Same at my place, except we have one guy still in the office, and the other is working from home.
I’m working at home doing my thing with InDesign and whatnot. I’d rather be in the office, but it is what it is. I live in a one-bedroom apartment so I’m sick of looking at the same four walls. But it is nice to be working from home when the weather is bad out and we’re getting a ton of snow.
I have a little experience with runtime formatters, but not Tex / LaTex. There is a steep learning curve. Not being WYSIWYG, you could run them on a 286, which is also fast enough for ASCII text editors.
Although classic WordPerfect (4.2) can of course still be run on modern hardware using DosBox, I’m not sure whether you can get a legal copy anymore. If you mean later versions, I didn’t like the windowized WordPerfect as that added the clutter of Word.
You can get WordPerfect 4.2 from the Internet Archive here:
As for whether it is legal to use it for actual work in anyone’s particular situation, I have no idea (the Archive says it is your responsibility to find out, and not to violate any fair use in the case of copyrighted content).
One of the things I remember about the Amiga is that different windows/graphics could be displayed at different resolutions/color depths at the same time.
I doiwnloaded it and tried it. Basically, it is a browser-like program, so if you love browsers you will find it ideal. However, it does not use function keys for common functions such as copy, move and delete, using the familiar Windows key combinations instead. Being so familiar with NC and Servant Salamander, I find XYplorer less agile and requires more mousing. It just does not offer me anything that justifies spending US$40.
But many thanx for the info, and other people may well find it ideal for them.

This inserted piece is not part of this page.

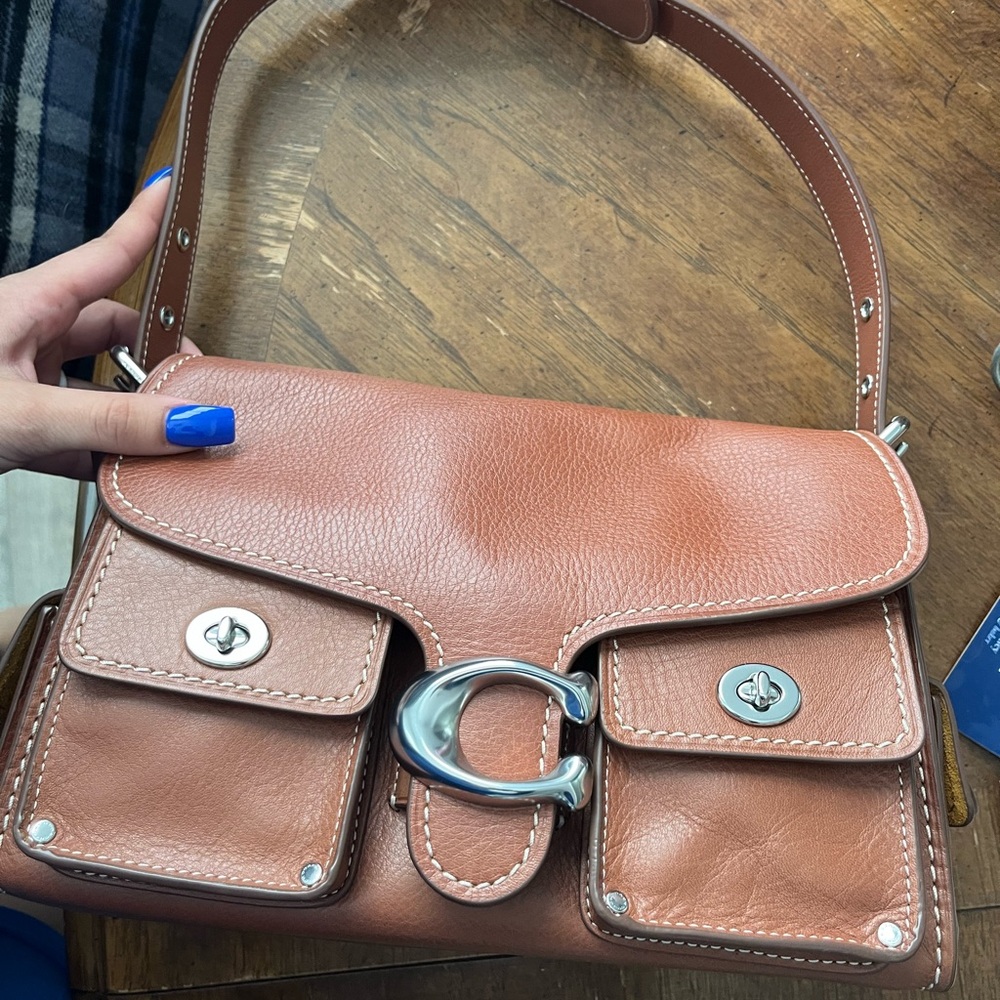 Coach cargo turnlock soft tabby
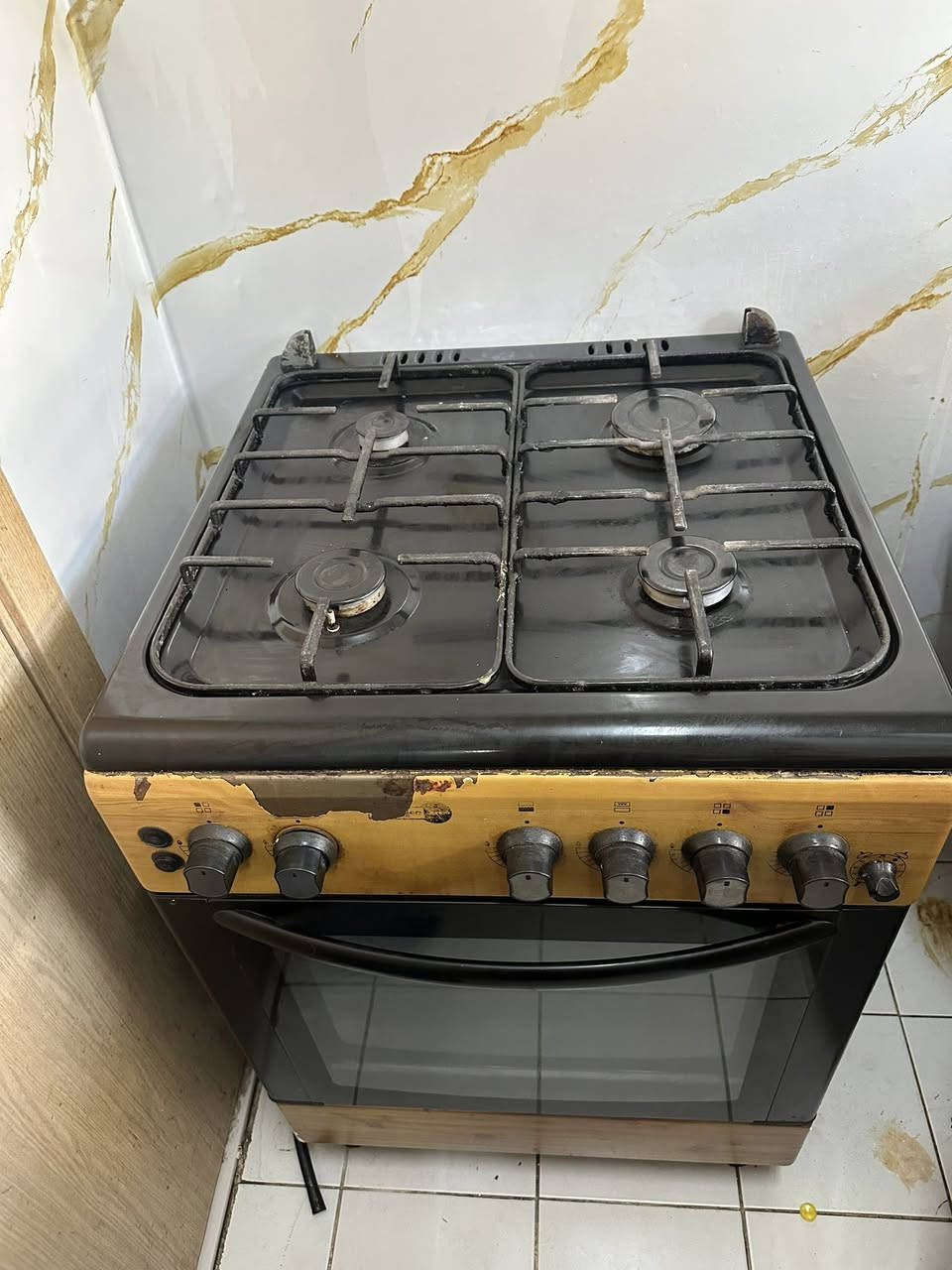 عندي طباخ اافرن جوه شغال الفوك ناصي عيون ثنين يستغلن وثنين ميشتغلن للبيع قيمو اخذو


**إذا كنت صاحب هذا الإعلان وتريد حذفه لأي سبب، رجاءا أرسل رسالة إلى الدعم الفني**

Personalized keyboard shortcuts are the key to maximized work efficiency. In XYplorer you can freely and easily assign any of hundreds of key combinations to hundreds of functions, including your own custom functions and scripts. Almost everything XYplorer can do, you can trigger it with one keystroke of your choice.
And since it’s portable, and the shortcuts are saved in a separate file anyway, you only ever have to do it once.

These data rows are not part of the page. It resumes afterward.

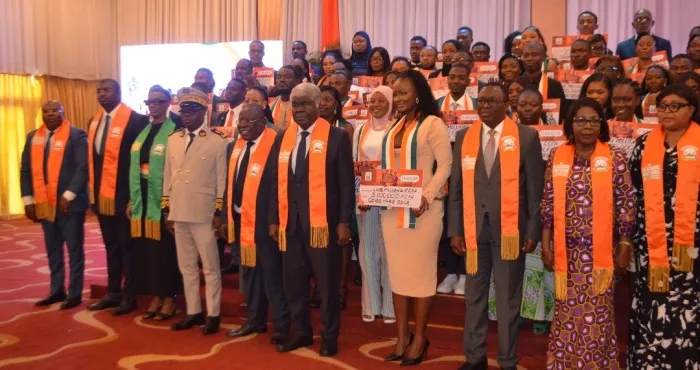 prix-alassane-ouattara-2025-beugre-mambe-exhorte-les-jeunes-a-rever-grand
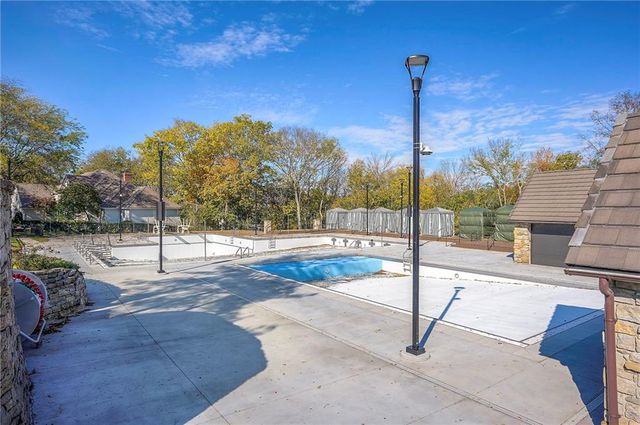 16911 Meadow Lane, Loch Lloyd, MO 64012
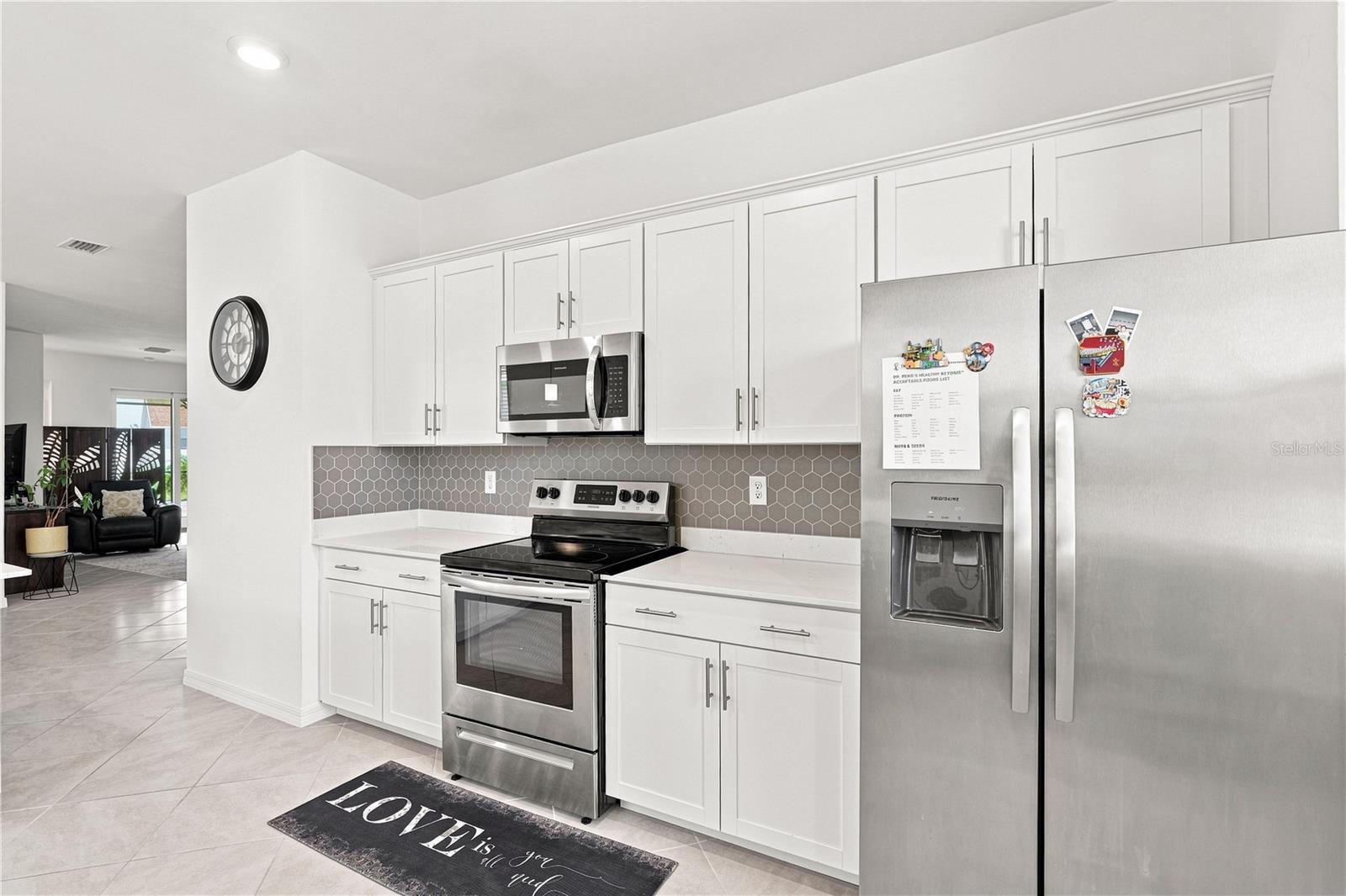 11330 BURGUNDY DR — photo 10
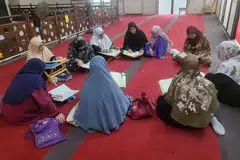 Kaum Muslimah sedang bertadarus sempena Ramadan ini di Masjid Hasanah yang terletak di Teban Gardens Road.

Graphic Converter is still going strong. I’ve been using it a lot this winter to organize my digital photos. Sometimes I download a damaged file, or one in a weird format, and Graphic Converter opens it right up.

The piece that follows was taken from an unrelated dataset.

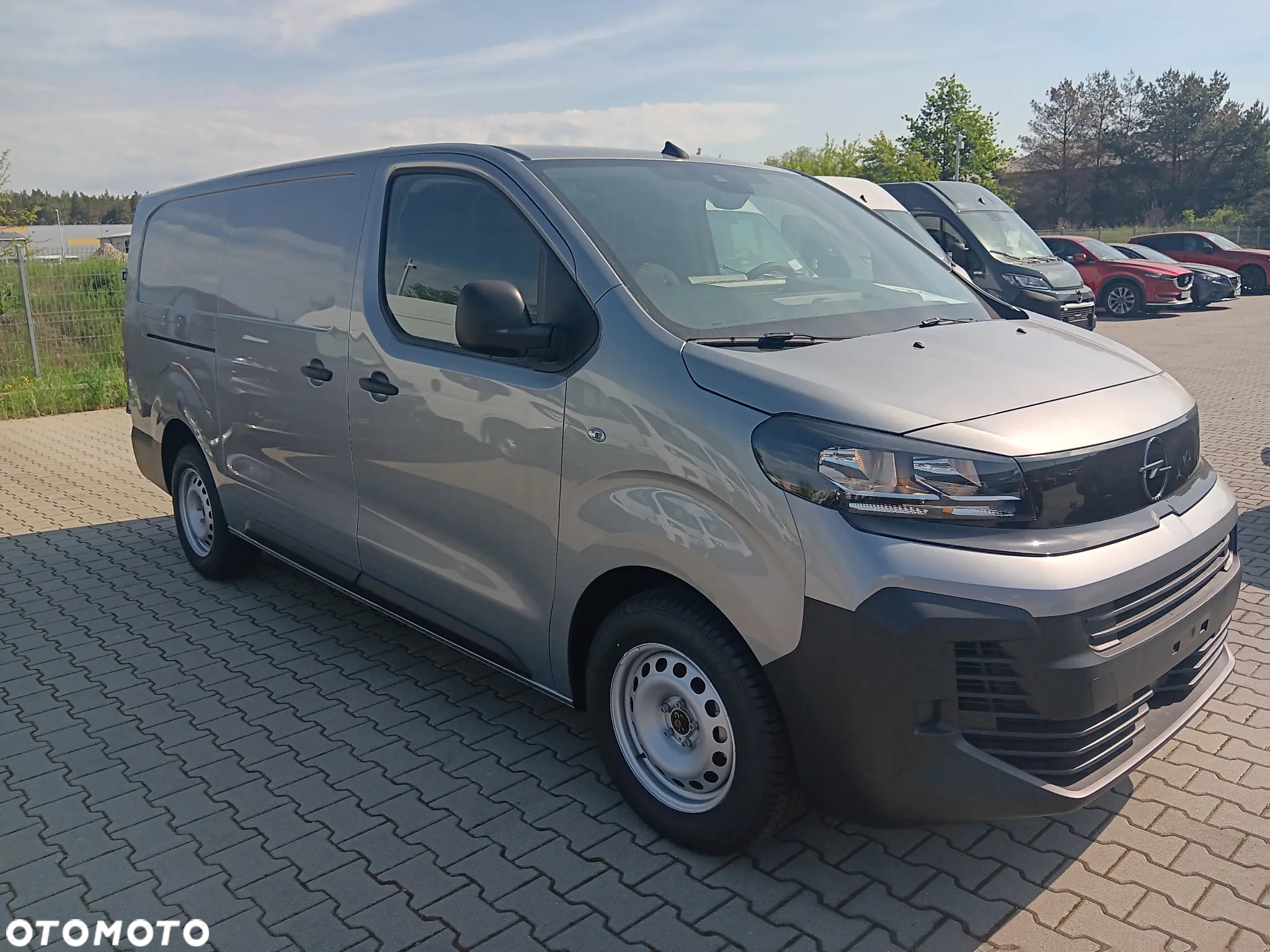 Opel Vivaro Furgon Extra Long - 2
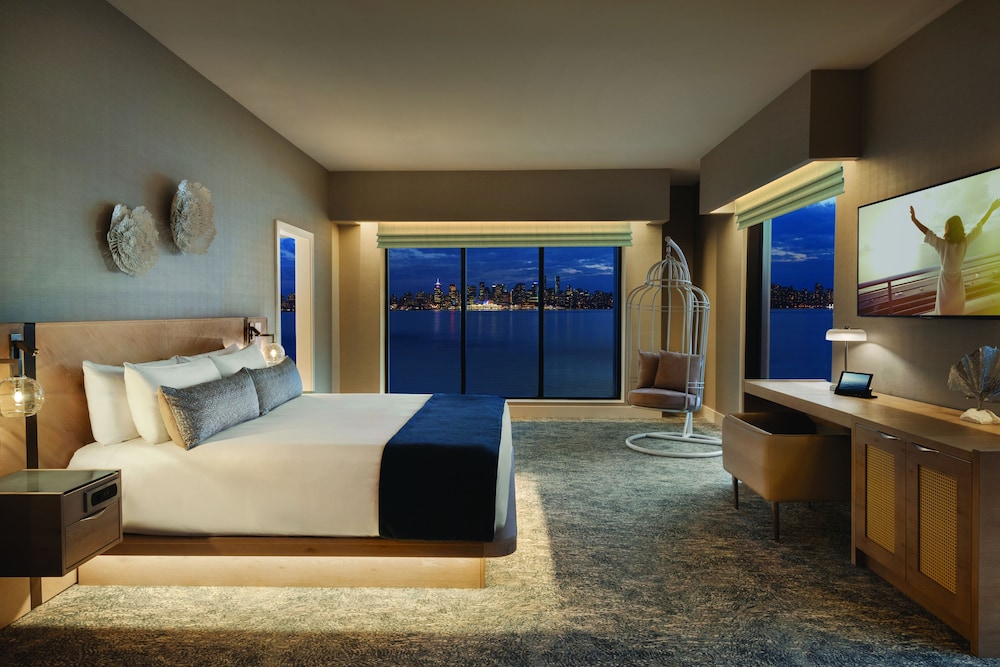 SUITE, OCEAN VIEW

I can’t remember the name, but I had a little TSR utility in the 90s that would dial phone numbers for you. That is, you’d move your cursor to near a phone number in a text file (like the scratchpad file I keep open at all times) and press F9 and it would use your modem to dial the phone number. Cool!
Another great screensaver: Johnny Castaway, a guy who was stuck on a desert island, with only a palm tree for company. A co-worker had that on her computer, and we’d spend coffee breaks watching Johnny’s always-futile attempts to be rescued. As I recall, the program paid attention to the system date, so Johnny might find a gift from Santa on Christmas morning, or similar.
The OP does bring back the memories. I remember the classical music series especially the Dissonant quartet cd-rom. There was some movie-based cd-rom that I also remember from that time; the bit that has stuck in my memory is a video-clip of the “waiting at noon” sequence from High Noon. Being able to interact with text,music and video in a computer program seemed amazing in those days.
Hmm. Not sure I have any one favorite, and a lot of my old software I liked were games. But here are some pieces of software I liked that come to mind:
Telix: a DOS terminal program was much better than the Terminal program in Windows, as it had color and Zmodem.
KidPix: While fun, it wasn’t a game, but a drawing program. It had a similar idea to Mario Paint in making drawing fun.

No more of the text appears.